[PROBLEM REQUIREMENTS]: Please give back, exactly as written, the lines from the line with "Salvador Historic Center - Sea View" to the line with "Vintage Cool-Ray 440" in the listing below, leaving out all pictures.

*** DATA TO USE ***

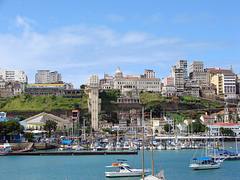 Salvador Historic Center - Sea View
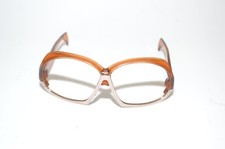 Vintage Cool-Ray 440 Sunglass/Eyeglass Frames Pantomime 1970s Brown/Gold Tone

*** End of DATA TO USE ***
*** DATA TO USE ***

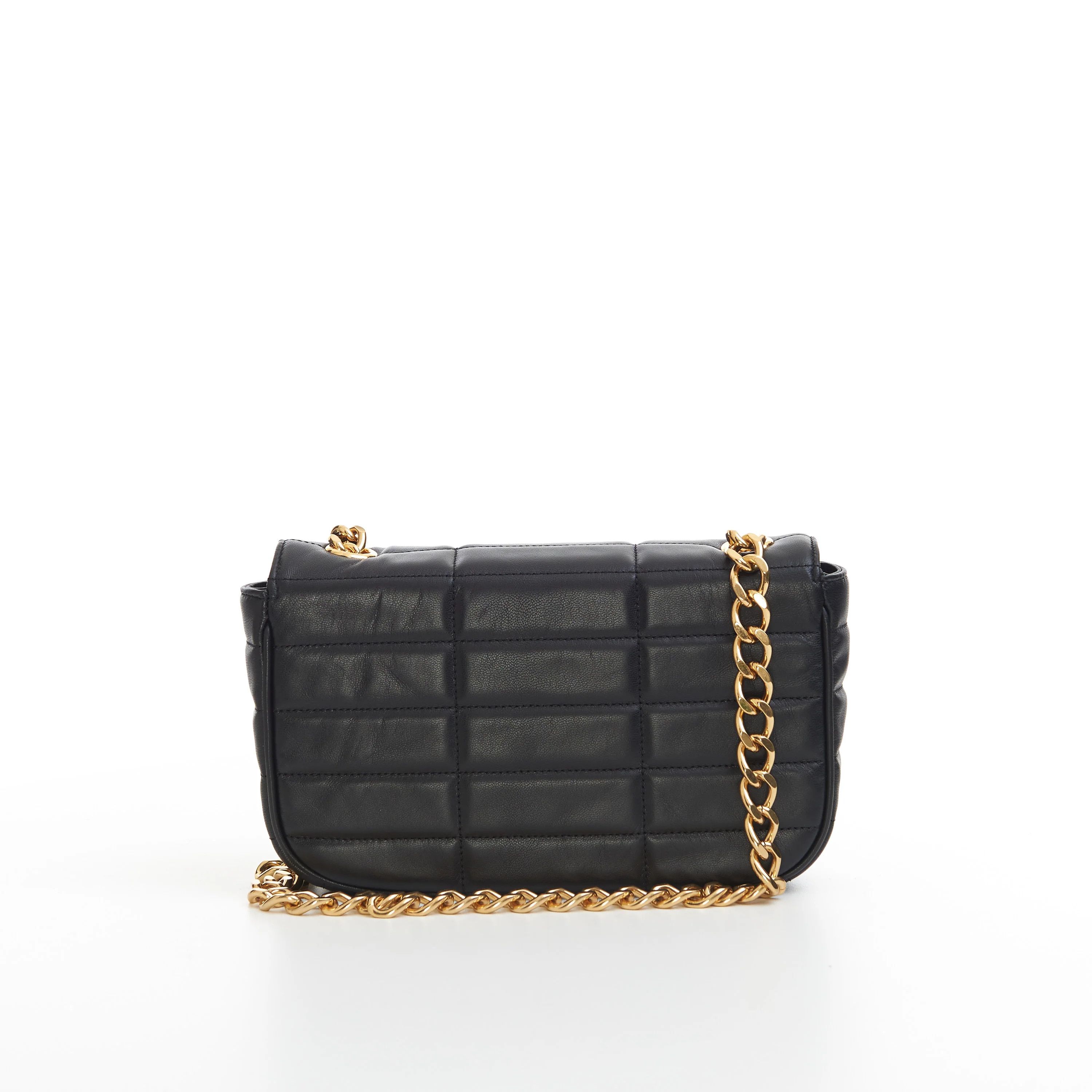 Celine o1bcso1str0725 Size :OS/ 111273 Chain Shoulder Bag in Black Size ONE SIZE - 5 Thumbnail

*** End of DATA TO USE ***

[RESPONSE BOX]:
 Salvador Historic Center - Sea View
 Vintage Cool-Ray 440 Sunglass/Eyeglass Frames Pantomime 1970s Brown/Gold Tone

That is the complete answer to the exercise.